Raul Reyes: No good can come of Trump's planned rally in Phoenix, so soon after Charlottesville
He says Trump has history of incendiary rhetoric on immigration. For sake of unity, public safety, he should not go
Editor’s Note: Raul A. Reyes is an attorney and member of the USA Today board of contributors. Follow him on Twitter @RaulAReyes. The opinions expressed in this commentary are solely those of the author.
President Trump, please stay away from Phoenix.
Phoenix Mayor Greg Stanton put it another way, in a statement ahead of Donald Trump’s planned rally in Phoenix on Tuesday: “I am disappointed that President Trump has chosen to hold a campaign rally as our nation is still healing from the tragic events in Charlottesville.”
While Stanton noted that the Constitution protects the right to free speech – and that the Phoenix Convention Center can be rented by anyone – he hoped Trump would delay his visit.
The mayor is right. There is no good that can come out of President Trump holding one of his typically incendiary rallies so soon after the tragic events in Virginia. His presence in Arizona, which has long been ground zero in the political and culture wars over immigration, runs the risk of inflaming tensions between his supporters and Latinos. He should cancel.
It has been barely more than a week since the world witnessed the horrifying spectacle of neo-Nazis and white supremacists marching in Virginia. Three people died, one of them run down by a car driven into a crowd. Many more were injured.

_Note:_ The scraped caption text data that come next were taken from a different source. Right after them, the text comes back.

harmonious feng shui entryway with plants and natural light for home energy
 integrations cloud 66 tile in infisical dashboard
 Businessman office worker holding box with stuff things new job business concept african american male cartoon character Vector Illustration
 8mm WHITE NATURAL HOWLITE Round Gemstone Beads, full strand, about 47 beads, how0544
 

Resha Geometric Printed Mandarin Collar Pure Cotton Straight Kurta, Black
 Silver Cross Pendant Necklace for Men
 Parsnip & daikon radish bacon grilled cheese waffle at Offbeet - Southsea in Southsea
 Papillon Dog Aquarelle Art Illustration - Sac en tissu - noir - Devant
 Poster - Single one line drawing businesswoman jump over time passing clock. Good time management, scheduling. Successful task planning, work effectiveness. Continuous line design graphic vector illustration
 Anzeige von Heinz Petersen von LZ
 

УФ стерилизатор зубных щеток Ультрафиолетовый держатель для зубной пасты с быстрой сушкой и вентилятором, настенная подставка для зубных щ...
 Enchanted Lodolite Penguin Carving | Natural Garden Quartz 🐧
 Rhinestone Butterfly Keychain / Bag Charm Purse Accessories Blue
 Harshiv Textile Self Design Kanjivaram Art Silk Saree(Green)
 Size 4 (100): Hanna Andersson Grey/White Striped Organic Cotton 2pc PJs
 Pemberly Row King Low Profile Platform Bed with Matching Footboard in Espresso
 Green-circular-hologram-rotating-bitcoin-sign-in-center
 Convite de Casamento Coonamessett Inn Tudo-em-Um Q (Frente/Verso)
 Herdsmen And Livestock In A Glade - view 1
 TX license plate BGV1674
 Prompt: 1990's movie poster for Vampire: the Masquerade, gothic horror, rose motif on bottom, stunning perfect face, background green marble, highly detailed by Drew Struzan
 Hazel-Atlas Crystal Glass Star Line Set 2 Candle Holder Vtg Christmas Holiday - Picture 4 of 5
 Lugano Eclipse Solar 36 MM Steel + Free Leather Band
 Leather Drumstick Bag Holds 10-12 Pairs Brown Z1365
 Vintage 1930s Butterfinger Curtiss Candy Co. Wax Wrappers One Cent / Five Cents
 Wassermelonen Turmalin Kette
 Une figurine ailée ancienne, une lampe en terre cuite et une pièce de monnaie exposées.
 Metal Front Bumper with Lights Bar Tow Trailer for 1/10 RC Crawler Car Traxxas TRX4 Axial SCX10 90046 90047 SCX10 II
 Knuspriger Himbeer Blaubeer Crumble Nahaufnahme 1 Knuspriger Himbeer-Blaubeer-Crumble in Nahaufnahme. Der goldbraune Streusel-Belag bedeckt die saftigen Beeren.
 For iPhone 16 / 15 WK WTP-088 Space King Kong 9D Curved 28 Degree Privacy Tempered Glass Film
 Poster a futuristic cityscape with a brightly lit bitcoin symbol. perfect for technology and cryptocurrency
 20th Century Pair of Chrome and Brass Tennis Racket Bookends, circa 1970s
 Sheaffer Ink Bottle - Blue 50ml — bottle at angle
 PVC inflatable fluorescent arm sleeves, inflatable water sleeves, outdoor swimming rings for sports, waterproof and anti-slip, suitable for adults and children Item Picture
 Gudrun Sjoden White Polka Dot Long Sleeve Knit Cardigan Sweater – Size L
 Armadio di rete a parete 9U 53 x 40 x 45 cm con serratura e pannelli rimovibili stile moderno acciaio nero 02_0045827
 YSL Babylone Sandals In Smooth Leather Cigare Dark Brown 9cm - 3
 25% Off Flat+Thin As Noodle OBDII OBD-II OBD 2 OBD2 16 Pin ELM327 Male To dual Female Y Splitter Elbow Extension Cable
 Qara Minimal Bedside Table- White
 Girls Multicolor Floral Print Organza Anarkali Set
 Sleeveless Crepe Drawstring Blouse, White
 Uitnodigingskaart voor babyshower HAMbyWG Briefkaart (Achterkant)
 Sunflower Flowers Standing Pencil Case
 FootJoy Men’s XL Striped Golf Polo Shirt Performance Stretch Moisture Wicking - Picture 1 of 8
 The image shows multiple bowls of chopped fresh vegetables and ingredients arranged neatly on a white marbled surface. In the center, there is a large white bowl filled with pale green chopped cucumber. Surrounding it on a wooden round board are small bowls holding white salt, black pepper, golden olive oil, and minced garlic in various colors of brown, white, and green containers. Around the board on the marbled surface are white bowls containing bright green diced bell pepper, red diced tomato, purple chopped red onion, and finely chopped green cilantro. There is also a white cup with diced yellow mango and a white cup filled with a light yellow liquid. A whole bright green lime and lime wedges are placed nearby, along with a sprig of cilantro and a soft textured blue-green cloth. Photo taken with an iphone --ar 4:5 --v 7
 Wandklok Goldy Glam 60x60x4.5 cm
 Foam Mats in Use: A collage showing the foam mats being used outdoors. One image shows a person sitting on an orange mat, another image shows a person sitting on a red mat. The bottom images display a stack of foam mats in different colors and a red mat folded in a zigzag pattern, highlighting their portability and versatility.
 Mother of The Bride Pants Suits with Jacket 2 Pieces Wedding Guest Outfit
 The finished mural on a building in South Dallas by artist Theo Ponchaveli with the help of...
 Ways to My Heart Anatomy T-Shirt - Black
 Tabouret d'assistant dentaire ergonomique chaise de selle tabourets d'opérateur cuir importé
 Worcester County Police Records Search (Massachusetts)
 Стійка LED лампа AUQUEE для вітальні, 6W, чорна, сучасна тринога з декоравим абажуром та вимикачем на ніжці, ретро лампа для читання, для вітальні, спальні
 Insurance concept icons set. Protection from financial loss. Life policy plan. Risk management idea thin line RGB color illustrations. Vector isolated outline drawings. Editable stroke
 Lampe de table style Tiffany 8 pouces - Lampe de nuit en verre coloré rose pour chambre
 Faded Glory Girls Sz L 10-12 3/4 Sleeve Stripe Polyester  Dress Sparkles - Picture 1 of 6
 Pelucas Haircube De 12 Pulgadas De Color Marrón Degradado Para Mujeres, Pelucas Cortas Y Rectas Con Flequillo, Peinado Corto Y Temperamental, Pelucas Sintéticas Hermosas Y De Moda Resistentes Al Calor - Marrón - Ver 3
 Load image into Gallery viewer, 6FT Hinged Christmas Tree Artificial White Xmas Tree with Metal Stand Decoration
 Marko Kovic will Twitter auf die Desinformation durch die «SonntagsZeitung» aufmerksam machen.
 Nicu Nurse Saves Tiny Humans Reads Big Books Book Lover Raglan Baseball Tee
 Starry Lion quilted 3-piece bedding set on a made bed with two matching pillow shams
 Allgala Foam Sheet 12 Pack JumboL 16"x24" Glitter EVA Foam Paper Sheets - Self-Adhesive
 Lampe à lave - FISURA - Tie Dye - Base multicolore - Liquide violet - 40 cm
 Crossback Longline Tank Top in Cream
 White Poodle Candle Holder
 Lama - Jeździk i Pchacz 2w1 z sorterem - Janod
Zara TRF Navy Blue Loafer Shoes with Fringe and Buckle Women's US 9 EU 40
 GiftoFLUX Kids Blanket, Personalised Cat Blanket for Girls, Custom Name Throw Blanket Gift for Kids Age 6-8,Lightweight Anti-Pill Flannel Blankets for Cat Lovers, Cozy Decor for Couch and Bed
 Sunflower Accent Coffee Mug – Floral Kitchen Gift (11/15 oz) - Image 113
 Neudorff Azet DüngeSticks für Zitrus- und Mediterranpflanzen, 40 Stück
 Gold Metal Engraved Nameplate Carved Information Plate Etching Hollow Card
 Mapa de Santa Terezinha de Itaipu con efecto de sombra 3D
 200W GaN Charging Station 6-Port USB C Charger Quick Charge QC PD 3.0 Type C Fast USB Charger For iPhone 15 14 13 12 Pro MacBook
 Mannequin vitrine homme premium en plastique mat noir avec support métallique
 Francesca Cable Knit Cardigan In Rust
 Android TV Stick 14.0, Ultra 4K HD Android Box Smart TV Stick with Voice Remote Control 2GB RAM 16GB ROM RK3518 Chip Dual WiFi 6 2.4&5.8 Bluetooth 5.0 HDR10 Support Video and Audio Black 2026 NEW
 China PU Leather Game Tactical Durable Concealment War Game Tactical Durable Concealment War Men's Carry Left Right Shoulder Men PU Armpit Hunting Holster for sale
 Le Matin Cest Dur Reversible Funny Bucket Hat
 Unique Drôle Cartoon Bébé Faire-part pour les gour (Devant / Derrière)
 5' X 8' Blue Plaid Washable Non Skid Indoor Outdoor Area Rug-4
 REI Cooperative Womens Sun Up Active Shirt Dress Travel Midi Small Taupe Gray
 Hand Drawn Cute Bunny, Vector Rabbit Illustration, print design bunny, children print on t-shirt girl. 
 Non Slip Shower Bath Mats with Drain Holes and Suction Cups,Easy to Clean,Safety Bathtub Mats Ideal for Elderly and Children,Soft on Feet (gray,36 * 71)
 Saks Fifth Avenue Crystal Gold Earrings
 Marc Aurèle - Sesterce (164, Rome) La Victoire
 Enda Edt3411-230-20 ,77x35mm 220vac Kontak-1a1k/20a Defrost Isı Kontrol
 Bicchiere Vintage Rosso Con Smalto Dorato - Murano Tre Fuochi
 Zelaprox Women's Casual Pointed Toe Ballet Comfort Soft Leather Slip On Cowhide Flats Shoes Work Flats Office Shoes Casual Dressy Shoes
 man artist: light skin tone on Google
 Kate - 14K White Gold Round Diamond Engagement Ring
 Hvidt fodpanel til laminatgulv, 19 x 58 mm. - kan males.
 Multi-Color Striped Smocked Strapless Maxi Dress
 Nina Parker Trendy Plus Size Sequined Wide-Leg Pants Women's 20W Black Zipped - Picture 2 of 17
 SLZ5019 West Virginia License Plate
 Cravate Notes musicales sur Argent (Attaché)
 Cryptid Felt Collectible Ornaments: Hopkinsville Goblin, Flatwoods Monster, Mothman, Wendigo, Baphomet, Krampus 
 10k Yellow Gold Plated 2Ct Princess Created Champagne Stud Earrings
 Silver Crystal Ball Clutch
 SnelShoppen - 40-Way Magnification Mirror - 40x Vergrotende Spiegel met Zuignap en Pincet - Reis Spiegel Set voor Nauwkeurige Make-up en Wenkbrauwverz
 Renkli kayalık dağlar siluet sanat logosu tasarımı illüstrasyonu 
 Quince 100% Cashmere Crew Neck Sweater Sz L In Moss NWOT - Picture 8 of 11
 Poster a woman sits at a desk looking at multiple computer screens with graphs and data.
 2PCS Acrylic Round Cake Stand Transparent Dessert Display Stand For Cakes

We watched how inadequate Trump’s initial response was, when he blamed “both sides” for the violence, how he made things worse by seeming to equate the alt-right protesters with what he termed the “alt-left.” No wonder most Americans, according to an NPR/PBS poll, think the President’s response to Charlottesville hasn’t been strong enough.
The next stop, surely, should not be Arizona, whose hot-button political controversies have repeatedly spilled onto the national stage. They have included a Republican-led effort to eliminate a Mexican-American studies curriculum, and of course the state’s 2010 passage of the infamous so-called “papers, please” law that critics claimed targeted Latinos. Phoenix is about 40% Hispanic. Both the city and the state went for Trump in the 2016 presidential election.
Stirring up this mix could be a recipe for disaster.
The police chief in Phoenix, Jeri Williams, has promised the city “maximum staffing” for the Trump rally, with local law enforcement “well prepared” for protesters and crowds. Her statement was both practical and ominous.
If history is a guide, Trump’s rally in Phoenix could well be full of bluster and ugly anti-immigrant rhetoric. We know that because he was in Phoenix nearly a year ago, on August 31, when in a fiery speech he railed against “open borders” and highlighted alleged crimes committed by undocumented immigrants.
He referred to low-skilled immigrants as a “Trojan horse.” Speaking of undocumented immigrants accused of crimes, he thundered, “Day one, my first hour in office, those people are gone!” He even threatened to deport Hillary Clinton.
The mayor of Phoenix is also concerned that Trump could use the rally in Phoenix to announce a pardon for former Maricopa County Sheriff Joe Arpaio. Arpaio was found guilty of criminal contempt last month for defying a court order to stop detaining suspected undocumented immigrants. Were Trump to announce a pardon for Arpaio on Tuesday, it would amount to a middle finger gesture to Latinos in Maricopa County, who have endured racial profiling for years, as well as to the Hispanic community nationwide.
It might also prove legally problematic, as Department of Justice guidelines specify that a pardon cannot be issued until five years after a criminal conviction.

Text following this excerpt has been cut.